It's been obvious ever since Donald Trump descended his escalator, that he lives in the past. Paul Krugman writes that's he's stuck in 1989:
Why 1989? That was the year he demanded bringing back the death penalty in response to the case of the Central Park Five, black and Latino teenagers convicted of raping a white jogger in Central Park. They were, in fact, innocent; their convictions were vacated in 2002. Trump, nevertheless, has refused to apologize or admit that he was wrong.
His behavior then and later was vicious, and it is no excuse to acknowledge that at the time America was suffering from a crime wave. Still, there was indeed such a wave, and it was fairly common to talk about social collapse in inner-city urban communities.
Some argued that inner city collapse was connected to the fact that black people tended to live there.
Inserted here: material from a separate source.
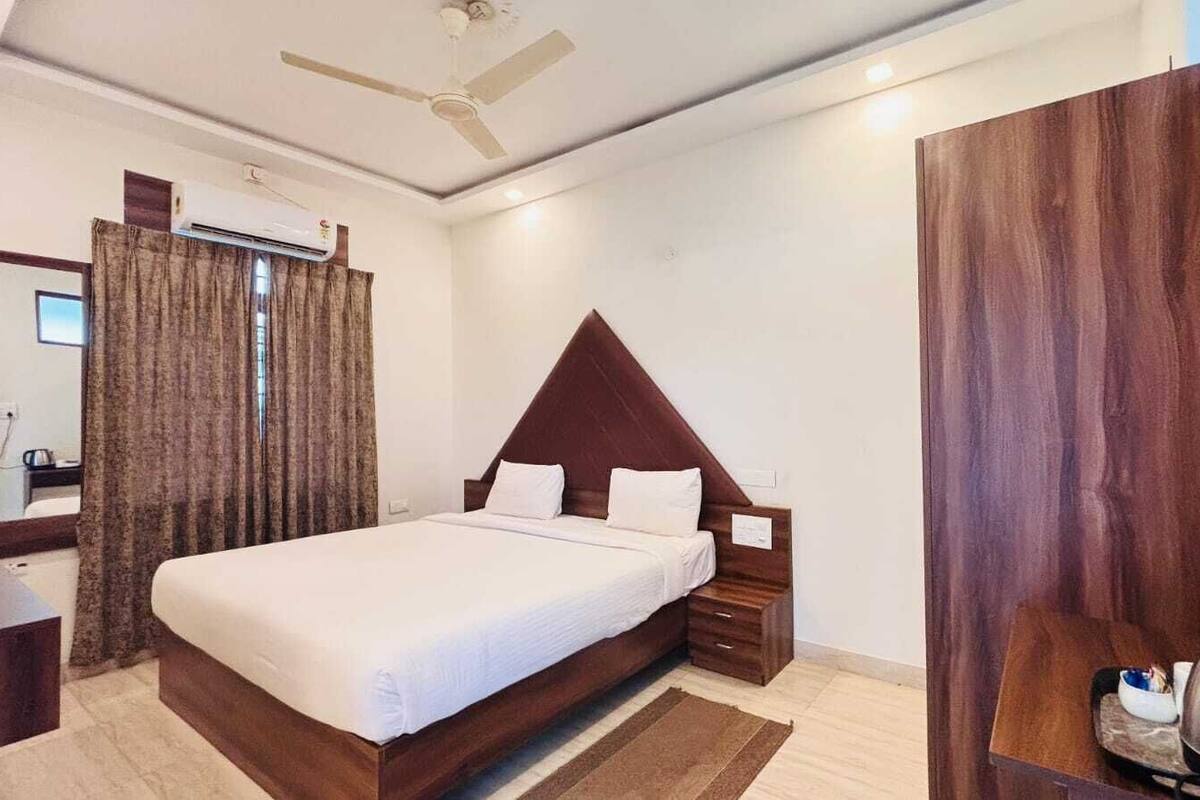 Une chambre d’hôtel comprenant un lit, une tête de lit en bois, une table de chevet, un bureau, une chaise, un miroir, une fenêtre avec des rideaux et un appareil de climatisation.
But the sociologist, William Julius Wilson, argued that the chaos in inner cities had nothing to do with race:
What Wilson argued, however, was that social dysfunction was an effect, not a cause. His work, culminating in the justly celebrated book “When Work Disappears,” made the case that declining job opportunities for urban workers, rather than some underlying cultural or racial disposition, explained the decline in prime-age employment, the decline of the traditional family, and more.
Was he right? Well, just look at small town and rural America, where jobs have been disappearing for decades:
Sure enough, that’s exactly what has happened to parts of nonmetropolitan America effectively stranded by a changing economy.
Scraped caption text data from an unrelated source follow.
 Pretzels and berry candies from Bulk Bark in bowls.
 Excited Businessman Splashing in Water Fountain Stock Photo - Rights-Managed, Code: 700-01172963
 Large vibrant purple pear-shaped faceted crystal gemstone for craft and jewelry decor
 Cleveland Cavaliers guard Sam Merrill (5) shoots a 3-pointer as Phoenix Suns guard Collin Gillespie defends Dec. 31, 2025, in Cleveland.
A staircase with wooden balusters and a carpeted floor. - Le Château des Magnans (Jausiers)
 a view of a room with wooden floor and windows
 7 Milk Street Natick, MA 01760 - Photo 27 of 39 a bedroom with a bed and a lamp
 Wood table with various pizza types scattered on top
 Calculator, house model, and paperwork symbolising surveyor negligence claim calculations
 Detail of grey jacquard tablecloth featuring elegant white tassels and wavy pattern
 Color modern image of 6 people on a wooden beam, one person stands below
I’m not saying that there’s something wrong or inferior about the inhabitants of, say, eastern Kentucky (and no American politician would dare suggest such a thing). On the contrary: What the changing face of American social problems shows is that people are pretty much the same, whatever the color of their skin. Give them reasonable opportunities for economic and personal advancement, and they will thrive; deprive them of those opportunities, and they won’t.
These are the very people who voted for Trump. And, as he lashes out at urban blacks, he does nothing for those who support him. I'm sure he's never read Wilson's book. He wouldn't understand it if he tried.
The point is he doesn't understand anything -- except that hate buys him the votes of the desperate.